Этот концерт — венец дружеских отношений, продолжавшихся уже целое двадцатипятилетие. Именно по прошествии этого срока Брамс почувствовал, что созрел для данного произведения. Ибо если уж он писал скрипичный концерт, то, конечно же, только для Иоахима. Иоахим же и в этом случае, как нередко раньше, был верным советчиком Брамса в различных технических вопросах.
Их переписка того времени интересна тем, что позволяет увидеть, с каким недоверием к творению собственных рук рассматривает Брамс почти любое свое произведение, пока оно еще в работе. Поначалу он посылает другу сольную партию — в первой редакции четырехчастного — концерта и в дополнение пишет (22 августа 1878 года): «Теперь, когда я ее выписал, я уже, собственно, и не представляю себе, что ты будешь делать с одним этим голосом! Конечно, мне бы хотелось попросить тебя внести поправки; я полагал, что в обоих случаях тебе тут нечем будет оправдываться: ни тем, что музыка, мол, внушает уважение, потому как больно хороша, ни отговоркой, что партитура, мол, никуда не годится. А теперь буду доволен, если ты скажешь обо всем этом хоть словечко да еще несколько, может быть, впишешь в текст: трудно, неудобно, неисполнимо и т. д. Вся штука состоит из четырех частей; из последней я выписал только начало — дабы сразу получить запрет на неловкие обороты!» Иоахим отвечает: «Я тотчас же просмотрел то, что ты прислал, и ты найдешь там ноту-другую и пометки насчет поправок; правда, без партитуры все это наслаждения не доставляет. По большей части все хорошо, многое даже на свой оригинальный манер по-настоящему скрипично, но вот возможно ли с удовольствием сыграть это в разгоряченном зале — утверждать не берусь, покуда хотя бы начерно не проиграю вещь для себя».

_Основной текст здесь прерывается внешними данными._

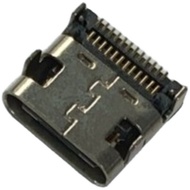 Type-C Power Jack For Lenovo Yoga 14sihu ITL Are 2021 USB Type C Charging Port Connector Oral Slim 7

Однако Брамс пока еще далек от окончательного решения. В ноябре он сообщает Иоахиму, что выбросил обе средние части — «разумеется, они были лучшими!», — а вместо них вставил «тощее Adagio». Видно, что он здорово потрудился. Задачу, относящуюся в первую очередь к сфере скрипичной техники, — написать сольную каденцию — он переложил на плечи друга; в соответствии с классической традицией для нее оставлено место в конце первой части и сделана пометка «adlibitum». В вопросах скрипичной техники он так и не обрел настоящей уверенности — при всем том, что концерт выливается из самой души инструмента. Девятью годами позже он пишет Кларе по поводу своего только что законченного двойного концерта: «Наверное, мне следовало бы уступить свою идею кому-нибудь еще, кто знает скрипку лучше, чем я (Иоахим, к сожалению, совсем перестал писать). Все же это не одно и то же — писать для инструмента, особенности которого представляешь себе лишь приблизительно, который слышишь лишь душой, или для инструмента, который изучил насквозь, как я фортепиано, где я точно знаю, что я пишу и почему так, а не иначе».